The transfusion of ABO‐incompatible red cells can lead to intravascular haemolysis, where the recipient's anti‐A and/or anti‐B IgM antibodies bind to the corresponding surface antigens of the transfused cells (Norfolk [202]). Complement activation results in lysis of the transfused cells and the haemoglobin that is released precipitates renal failure, with the fragments of the lysed cells activating the clotting pathways, which in turn leads to the development of disseminated intravascular coagulation (Klein and Anstee [127]).

Transfusion of Rh D‐positive cells to a Rh D‐negative individual will result in immunization and the appearance of anti‐D antibodies in at least 30% of recipients (Daniels [54]). If the person is immunized and undergoes any subsequent exposure to D‐positive red cells, extravascular haemolysis occurs as Rh antibody‐coated red cells are destroyed by macrophages in the liver and spleen (McClelland [151]). This can present as a severe immediate or delayed haemolytic transfusion reaction (Daniels [54]).
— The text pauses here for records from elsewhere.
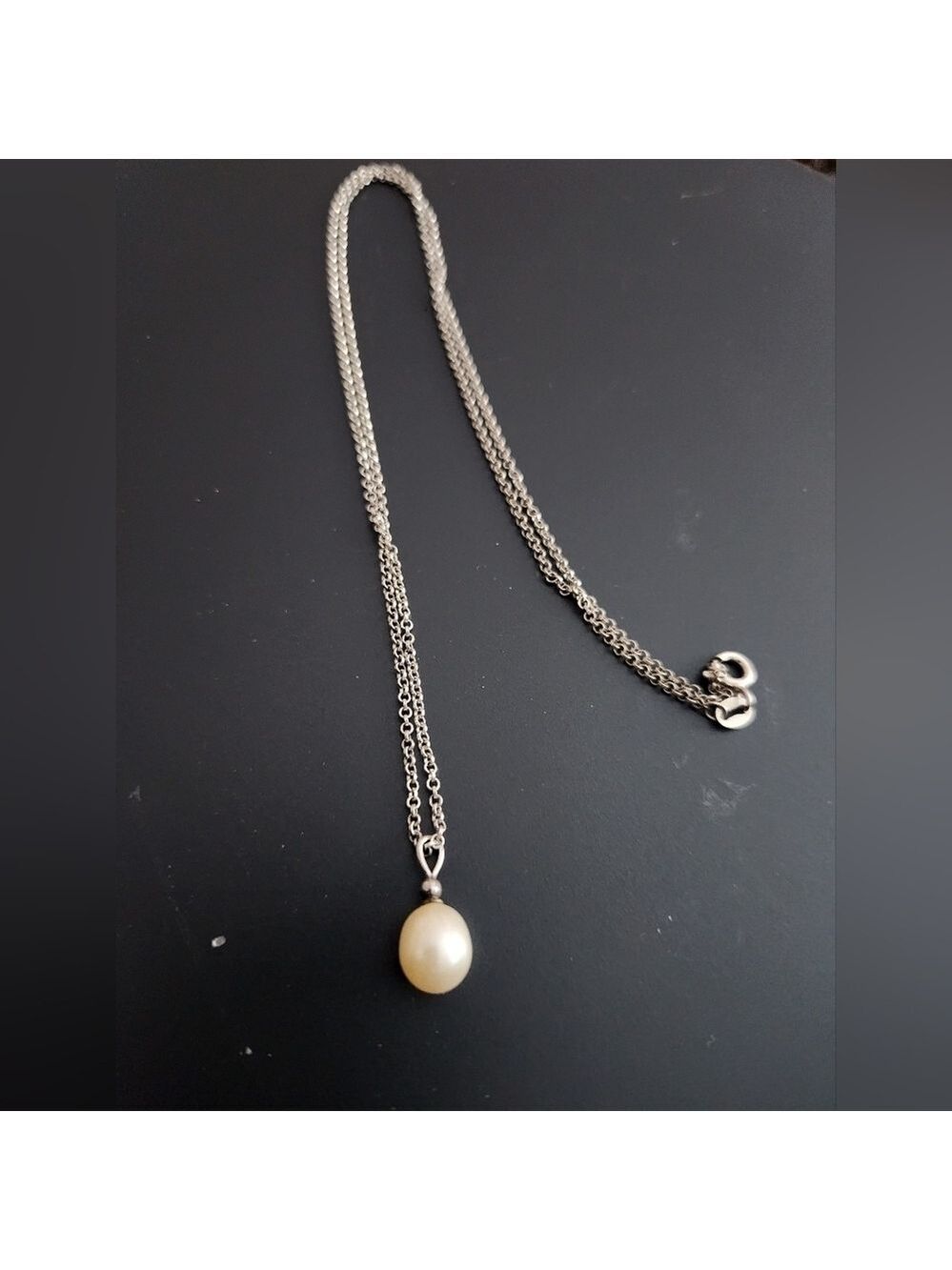Genuine pearl necklace on with sterling bale & chain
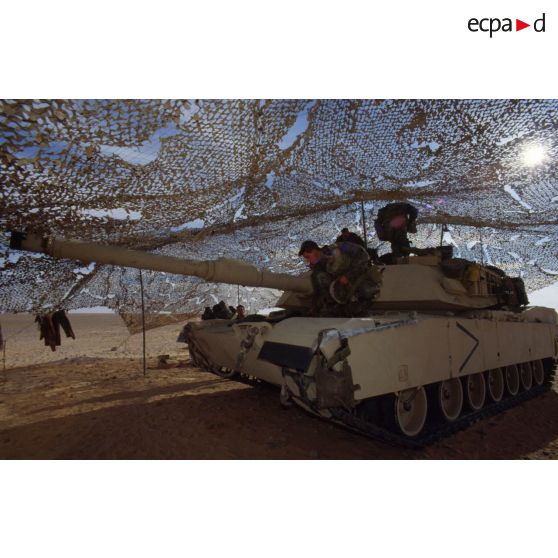 En ZDO (zone de déploiement opérationnel) Olive, un char de combat Abrams-M1 américain entre sous un filet de camouflage tendu dans le désert.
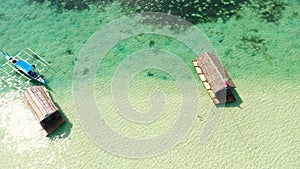 A lagoon with floating crotches, top view. Manlawi Sandbar floating cottages in Caramoan Islands.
A patient's Rh status is of particular importance if they are female and of child‐bearing age or require a transfusion during pregnancy. Immunization can happen by two processes: transfusion of D‐positive cells into someone who is D negative, or in pregnancy when transplacental passage of foetal red cells exposes the mother to D‐positive cells. When the mother is Rh D negative and the developing foetus is Rh D positive, the exposure to foetal blood can stimulate anti‐D activation in the mother. Anti‐D is one of the red cell antibodies that can cross the placenta and cause haemolysis of the foetal blood, which results in what is known as ‘haemolytic disease of the foetus and newborn’ (HDFN) (Norfolk [202]).
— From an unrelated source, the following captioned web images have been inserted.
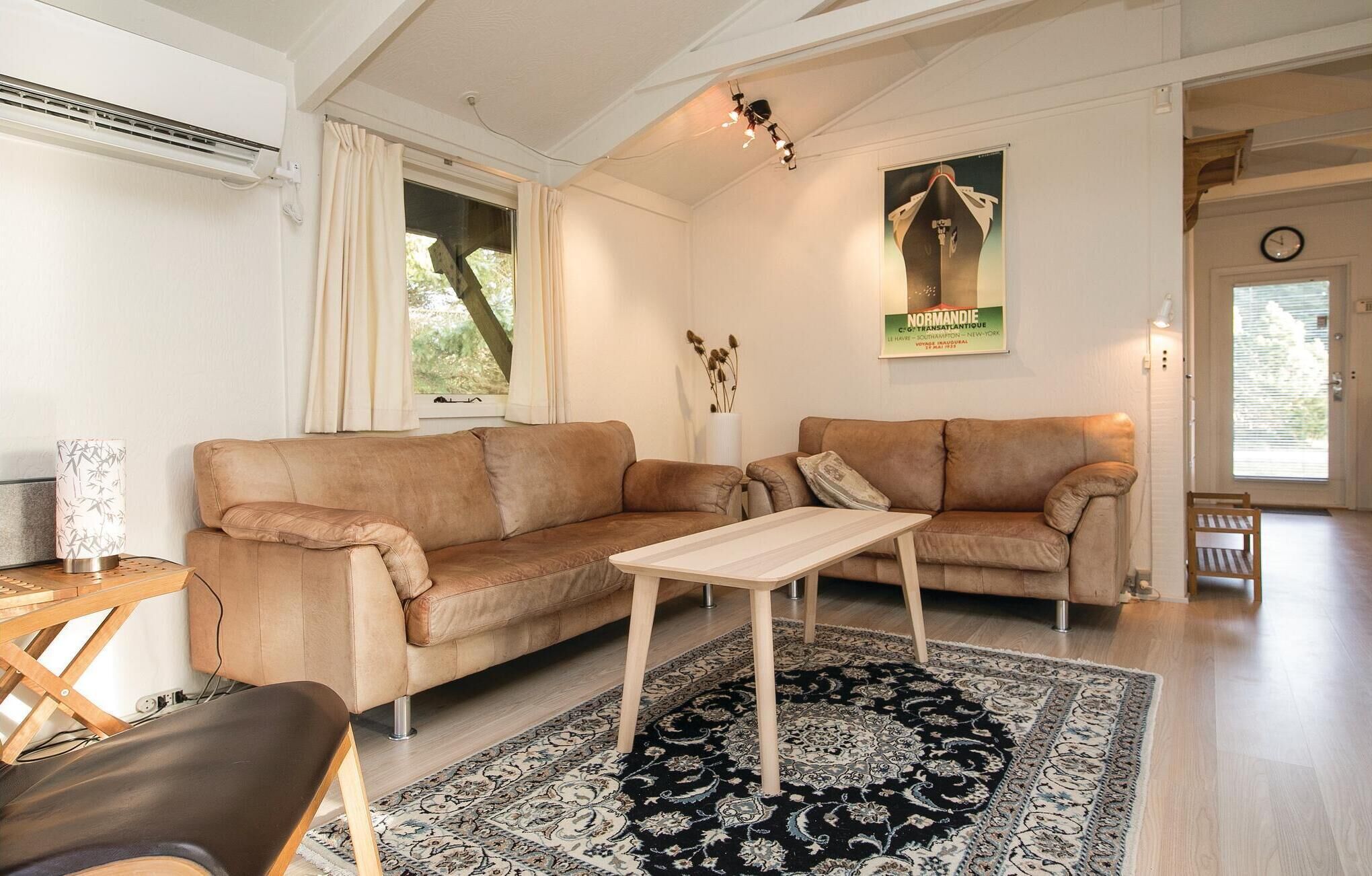 A living room with two sofas, a coffee table, a patterned rug, a poster on the wall, and a window with curtains.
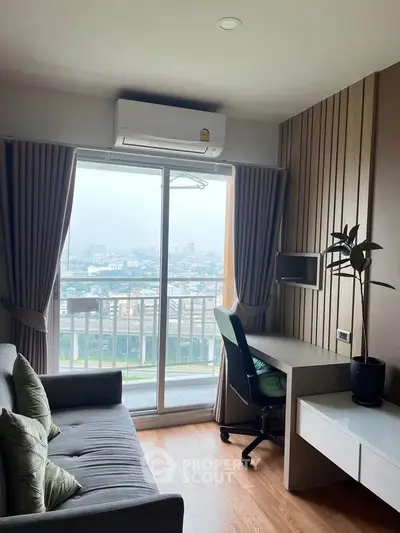 Modern living room with balcony view, featuring a cozy sofa and workspace, ideal for urban living.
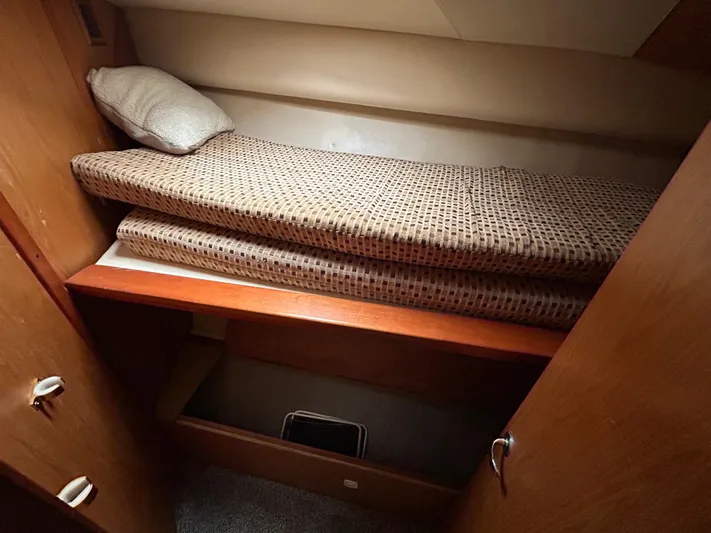  Yacht Photos Pics 2007 Luhrs 36 Convertible cabin interior with bunk bed and storage space.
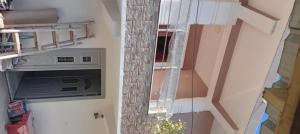 a view of a room with a tv and a staircase at ArsonGuest in Berat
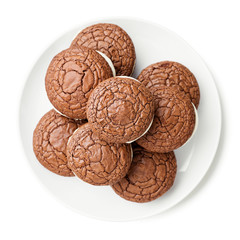 Chocolate  brownie - sandwich cookies with cream cheese filling isolated on white background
The human leucocyte antigen (HLA) is used to determine compatibility for organ transplantation, including bone marrow and peripheral blood stem cells. However, because the ABO blood groups and HLA tissue types are determined genetically, it is common to find a suitable HLA donor who is ABO and/or Rh incompatible with the recipient. Approximately 20–40% of allogeneic haemopoietic stem cell transplantation (HSCT) recipients receive grafts from ABO‐mismatched donors (Tekgündüz and Özbek [268]). In such circumstances, major transfusion reactions can be avoided by red cell and/or plasma depletion of the donor cells in the laboratory before reinfusion (Mollison et al. [162]). However, collection of peripheral stem cells by apheresis usually results in a product that has a low red cell haematocrit and therefore further removal of mature red cells is not necessary before the product is cryopreserved (Mian et al. [160]).